Brilliant, congrats and I hope they are all fertile for you.


----------



## 66921 (Feb 12, 2011)

lovemysnakes said:


> Hi All,
> 
> Updated Pics as promised
> 
> ...


Soo good to see the family! You can really see the resemblance with Chilli! :2thumb:


----------



## lovemysnakes (Apr 17, 2011)

Yeh defo. They are gorgeous examples of chuckwallas. I'm so very proud of them. We must thank jojo soooo much xx


----------



## khamers (Nov 23, 2008)

This weekend the Chuckwalla eggs started to hatch after 73 days at 32 degrees Celcius.

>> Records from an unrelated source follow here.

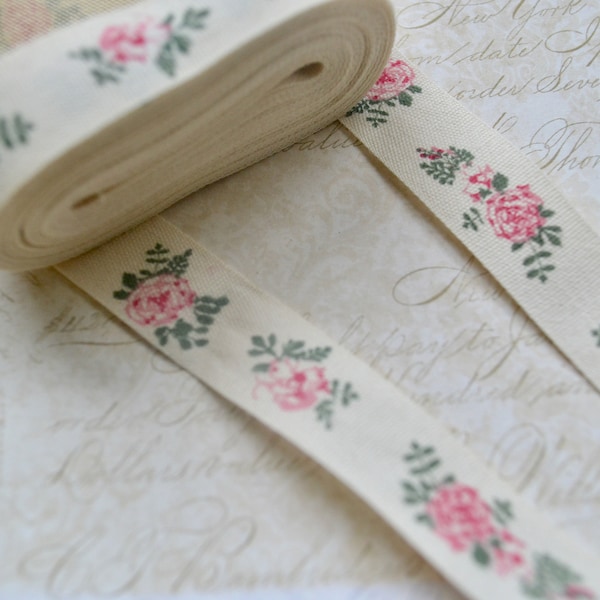 2 yd Ivory cotton ribbon trim, Shabby chic ribbon, Shabby chic junk journal scrapbooking supply, Sewing supply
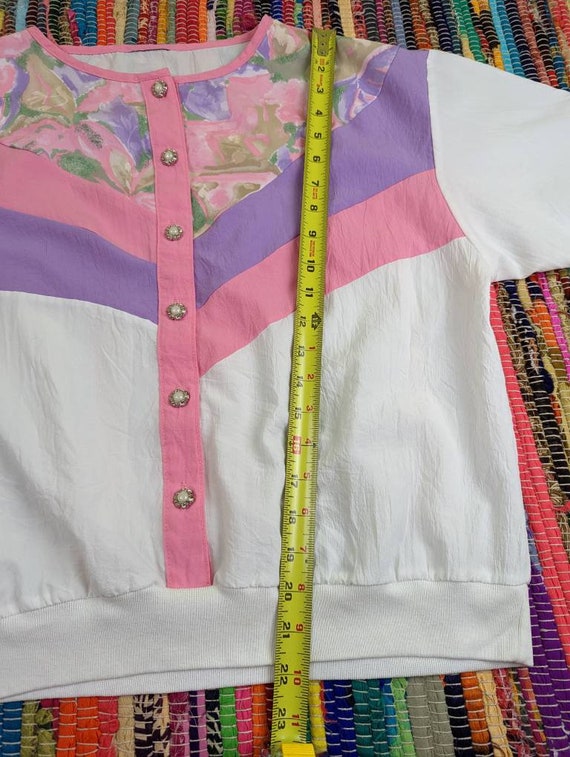 Vintage 80's Women's Pastel Tones Blouse Top Beau… - image 7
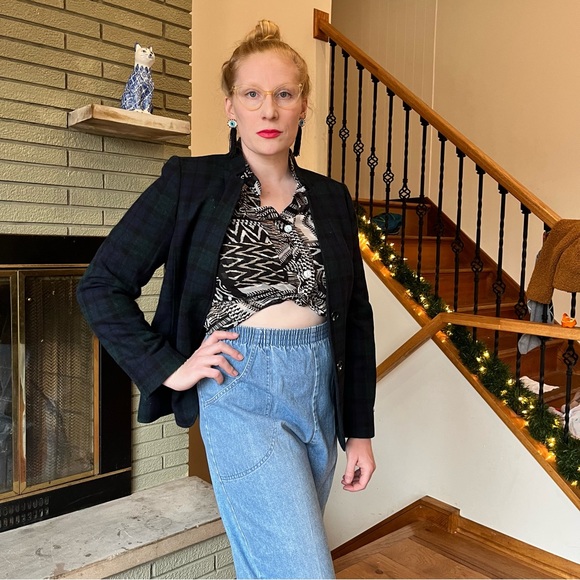 ☘️ 3/30- Talbots Tartan Plaid Wool Blazer - Picture 3 of 8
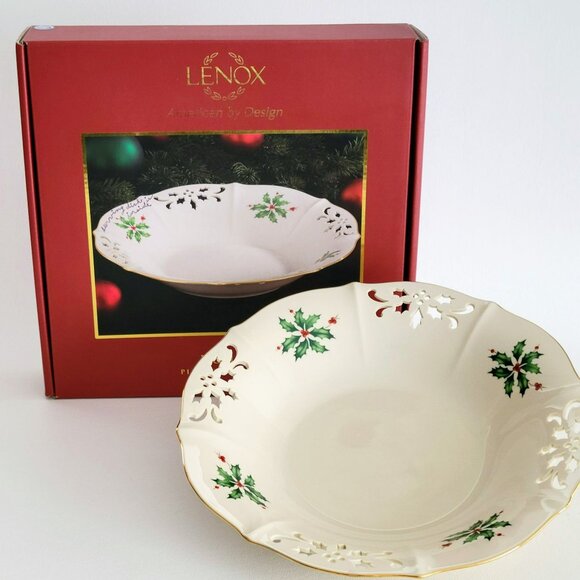 Lenox Other - Lenox Holiday Pierced Low Bowl, Gold Trim Christmas Holly Design, Festive Dining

They are all up and running now....



















gr. Kamiel


----------



## Mick.Ire (Nov 21, 2011)

Wow congrats, they are little gems.


----------



## Benrmitchell (Nov 30, 2008)

*Congrats khamers*

They look great, I hatched my second lot in Feb this year and they are doing really well. I managed to get 5 hatched from 8 eggs. Thinking I might have to find someone to buy them soon as they are out growning my vivs rapidly! Enjoy rearing yours  they are a great species to breed.


----------



## khamers (Nov 23, 2008)

Thanks!!! 

I have been breeding hem now for about 10 years and its always nice to see them develop......

Gr. Kamiel


----------



## khamers (Nov 23, 2008)

Another update for those interested









Yesterday the first of 6 Sauromalus Hispidus (giant chuckwalla) eggs started to hatch. I kept the eggs at 31-33 Celcius and the first egg hatched after 80 days. Hope the 5 other eggs will hatch in the following days, but no signs yet. More information about this species : http://www.agamen.nl/Sauromalus-hispidus-(ENG).aspx 










gr. Kamiel


----------



## khamers (Nov 23, 2008)

And the other eggs started hatching this evening :2thumb:

gr. Kamiel


----------



## Mick.Ire (Nov 21, 2011)

Wow that's brilliant news. Your doing quite well this year. What will you do with them? Do the hispidus sell for much?


----------



## khamers (Nov 23, 2008)

Well doing good with the chucks, have been breeding the normal aters for about 8 years now, this was the first time I bred the Hipidus. Not doing as good as last year on the uromastyx as I only bred with 1 female ornate this year..... but will try to have a better uromastyx year next year 

5 hisidus are out of the egg now, will be selling a few. got a few people interested in them so thats nice. Will discuss prices in pm, as its no classifieds :2thumb:

gr. Kamiel


----------



## Mick.Ire (Nov 21, 2011)

Do you keep your female chucks in with your males all the time or only when they are in season? 
I have had to seperate my two as the male went off his food. As soon as I seperated problem solved.


----------



## khamers (Nov 23, 2008)

I do keep my pairs together all year long and they do great. The males do not harras the females , only in breeding season, and the females do not bother for the males over here.

gr. Kamiel


----------



## Michelle5 (Sep 22, 2011)

Peter do you have any female chucks for sale or know of any other breeders that might?


----------



## DUdesign (Aug 7, 2011)

*Chuckwalla fat? or pregnant?*

Hi,

I've had my male chuck for 3 years, I introduced a young female to the viv around 14 months ago. Never had a problem. In recent weeks my male chuck has got grumpy, gone off his food and generally changed his attitude.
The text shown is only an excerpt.